Bâtiments bioclimatiques et passifs : focus sur la Bretagne - Batiweb

D’après l’architecte Loïc Daubas, de l’agence Belenfant Daubas, installé en Loire-Atlantique, l’architecture bioclimatique s’est démocratisée en France métropolitaine ces dernières années, notamment au gré des réglementations thermiques de 2005 puis 2012, et aujourd’hui avec la RE2020.

Selon lui, la canicule de 2003 et les nombreux décès qu’elle a entraînés ont notamment donné lieu à une nécessaire prise en compte du confort d’été dans les bâtiments.

À l’échelle de la façade atlantique, où le climat océanique est plutôt tempéré, les bâtiments n’ont pas les mêmes impératifs que dans d’autres régions françaises, où les hivers peuvent être très froids et les étés très chauds.

Ainsi, en Bretagne – selon les architectes que nous avons interrogés – le bâtiment bioclimatique « idéal » serait principalement exposé au sud, pour faire rentrer la chaleur l’hiver, et protégé des vents et des pluies érodantes venant de l’ouest.

« Les orientations sont faites pour essayer de bénéficier des apports gratuits du soleil à l'année.
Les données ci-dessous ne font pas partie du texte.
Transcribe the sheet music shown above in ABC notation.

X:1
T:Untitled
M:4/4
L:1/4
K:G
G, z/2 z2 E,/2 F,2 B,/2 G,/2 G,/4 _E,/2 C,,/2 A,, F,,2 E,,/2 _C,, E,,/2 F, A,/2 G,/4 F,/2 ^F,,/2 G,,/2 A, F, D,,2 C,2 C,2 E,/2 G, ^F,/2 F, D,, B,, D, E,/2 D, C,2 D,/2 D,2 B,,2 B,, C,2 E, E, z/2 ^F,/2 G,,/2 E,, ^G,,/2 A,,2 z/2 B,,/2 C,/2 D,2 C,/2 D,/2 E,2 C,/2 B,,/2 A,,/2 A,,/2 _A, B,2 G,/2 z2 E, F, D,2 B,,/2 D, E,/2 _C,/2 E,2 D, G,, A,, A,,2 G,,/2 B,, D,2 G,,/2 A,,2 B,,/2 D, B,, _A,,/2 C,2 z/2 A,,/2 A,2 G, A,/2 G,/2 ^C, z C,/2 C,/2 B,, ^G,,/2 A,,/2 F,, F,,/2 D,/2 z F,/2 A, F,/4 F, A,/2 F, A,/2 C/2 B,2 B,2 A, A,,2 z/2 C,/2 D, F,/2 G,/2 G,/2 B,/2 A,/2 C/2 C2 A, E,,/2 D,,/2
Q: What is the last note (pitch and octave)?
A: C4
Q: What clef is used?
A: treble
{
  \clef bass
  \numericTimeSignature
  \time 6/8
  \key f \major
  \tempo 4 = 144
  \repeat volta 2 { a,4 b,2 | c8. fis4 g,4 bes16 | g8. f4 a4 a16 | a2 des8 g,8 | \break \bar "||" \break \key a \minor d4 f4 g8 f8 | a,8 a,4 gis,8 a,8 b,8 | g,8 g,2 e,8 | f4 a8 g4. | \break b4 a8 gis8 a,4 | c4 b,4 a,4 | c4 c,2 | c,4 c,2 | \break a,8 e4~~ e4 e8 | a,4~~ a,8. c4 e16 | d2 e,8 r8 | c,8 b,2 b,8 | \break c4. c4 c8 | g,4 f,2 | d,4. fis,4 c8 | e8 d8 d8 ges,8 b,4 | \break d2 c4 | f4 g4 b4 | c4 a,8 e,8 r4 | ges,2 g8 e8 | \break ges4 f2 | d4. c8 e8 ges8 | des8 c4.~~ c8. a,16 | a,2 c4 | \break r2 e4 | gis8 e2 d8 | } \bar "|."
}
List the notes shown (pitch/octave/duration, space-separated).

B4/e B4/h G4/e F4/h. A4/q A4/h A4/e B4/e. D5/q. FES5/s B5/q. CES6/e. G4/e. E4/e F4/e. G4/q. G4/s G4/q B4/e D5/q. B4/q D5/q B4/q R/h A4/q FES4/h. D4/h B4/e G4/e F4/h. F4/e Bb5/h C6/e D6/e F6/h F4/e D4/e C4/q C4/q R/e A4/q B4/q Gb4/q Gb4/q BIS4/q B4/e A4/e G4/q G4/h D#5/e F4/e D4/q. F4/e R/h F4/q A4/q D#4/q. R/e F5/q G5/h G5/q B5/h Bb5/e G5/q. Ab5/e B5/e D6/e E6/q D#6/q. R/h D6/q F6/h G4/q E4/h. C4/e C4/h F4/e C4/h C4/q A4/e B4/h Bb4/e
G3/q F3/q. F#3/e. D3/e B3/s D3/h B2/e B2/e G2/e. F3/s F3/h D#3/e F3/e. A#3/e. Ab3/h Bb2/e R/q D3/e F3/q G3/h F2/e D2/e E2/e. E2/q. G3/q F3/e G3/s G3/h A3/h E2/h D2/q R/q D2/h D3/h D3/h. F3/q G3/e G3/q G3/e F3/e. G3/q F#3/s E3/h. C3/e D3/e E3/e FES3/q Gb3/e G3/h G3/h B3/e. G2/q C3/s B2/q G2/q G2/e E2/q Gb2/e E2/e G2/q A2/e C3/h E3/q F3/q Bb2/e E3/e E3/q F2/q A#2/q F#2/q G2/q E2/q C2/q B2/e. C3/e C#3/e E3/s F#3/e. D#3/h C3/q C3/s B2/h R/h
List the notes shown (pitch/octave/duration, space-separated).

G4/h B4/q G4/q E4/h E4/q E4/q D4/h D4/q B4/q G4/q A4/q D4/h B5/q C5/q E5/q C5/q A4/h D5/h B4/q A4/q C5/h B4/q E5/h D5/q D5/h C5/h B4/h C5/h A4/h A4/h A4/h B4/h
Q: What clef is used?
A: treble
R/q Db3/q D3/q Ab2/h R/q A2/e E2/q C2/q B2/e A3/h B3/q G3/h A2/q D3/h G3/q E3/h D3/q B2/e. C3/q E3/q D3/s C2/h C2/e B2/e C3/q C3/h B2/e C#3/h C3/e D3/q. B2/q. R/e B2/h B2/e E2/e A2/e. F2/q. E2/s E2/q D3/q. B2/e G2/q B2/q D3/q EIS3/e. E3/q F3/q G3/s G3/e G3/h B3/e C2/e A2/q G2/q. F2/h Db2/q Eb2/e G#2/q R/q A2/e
C’est l’élément de base de l’architecture bioclimatique », rappelle Loïc Daubas.

 

Oui, le dérèglement climatique concerne aussi la Bretagne

 

Toutefois, selon ce dernier, avec le dérèglement climatique, les étés sont de plus en plus chauds et longs, même en Bretagne, avec des périodes de chaleur s’étendant parfois jusqu’à fin octobre.

« Pour faire simple, on est en train de s'approcher des températures qu'on avait à Bordeaux il y a peut-être une vingtaine d'années », note Loïc Daubas.

« Auparavant, on était plutôt à se protéger timidement du soleil sur les mois de juin, juillet, août. Aujourd'hui, on va chercher une protection plus importante du mois d'avril au mois d'octobre. On a un soleil qui commence à chauffer très vite le matin et donc on va essayer d’apporter des protections solaires même à l’est, alors qu’avant on ne se protégeait qu’au sud », observe-t-il.

 

Recourir à des casquettes et brise-soleil orientables

 

Dans ce contexte, de nouvelles techniques doivent être mises en place pour mieux supporter la chaleur.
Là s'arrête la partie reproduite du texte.